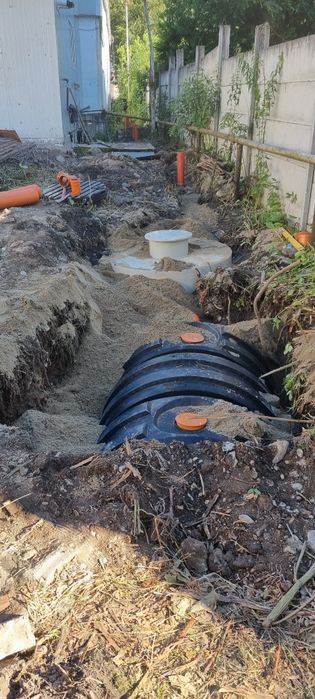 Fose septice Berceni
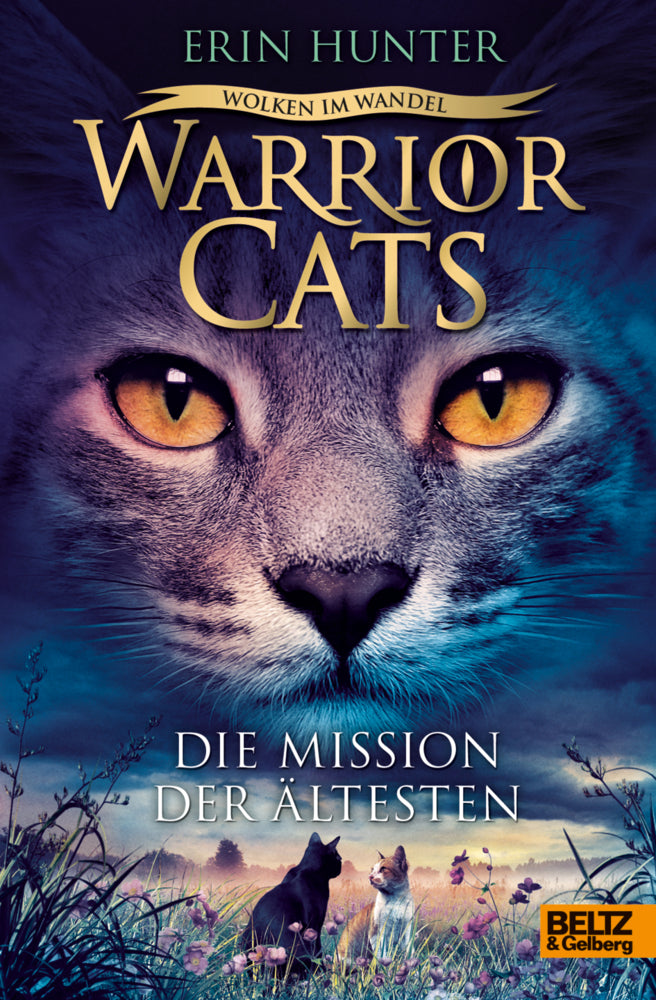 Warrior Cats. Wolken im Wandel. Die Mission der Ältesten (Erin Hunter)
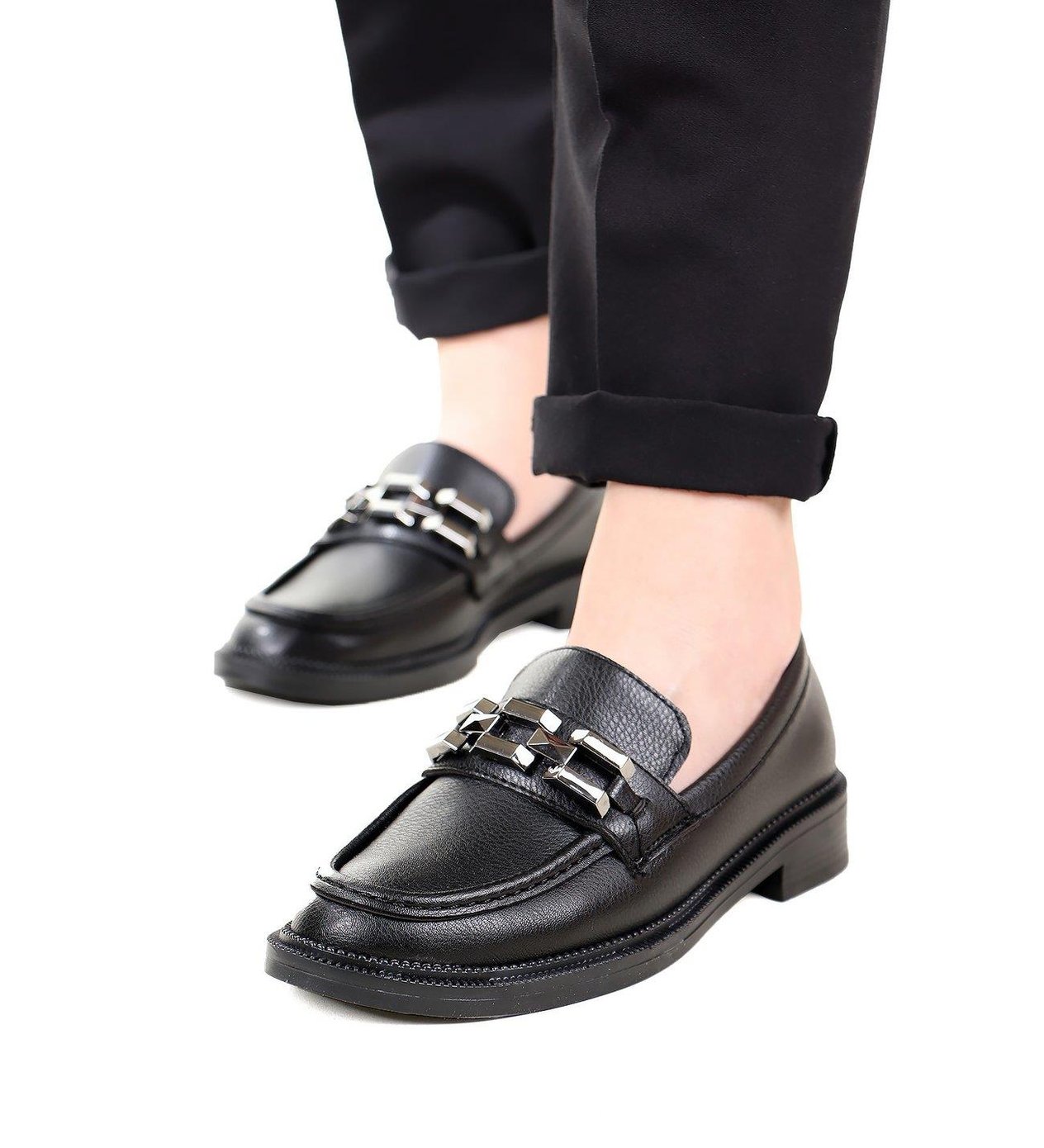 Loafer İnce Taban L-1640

_EXERCISE_. Would you return all of the data above word for word, omitting every picture?

_SOLUTION TO THIS EXERCISE_.
 Fose septice Berceni
 Warrior Cats. Wolken im Wandel. Die Mission der Ältesten (Erin Hunter)
 Loafer İnce Taban L-1640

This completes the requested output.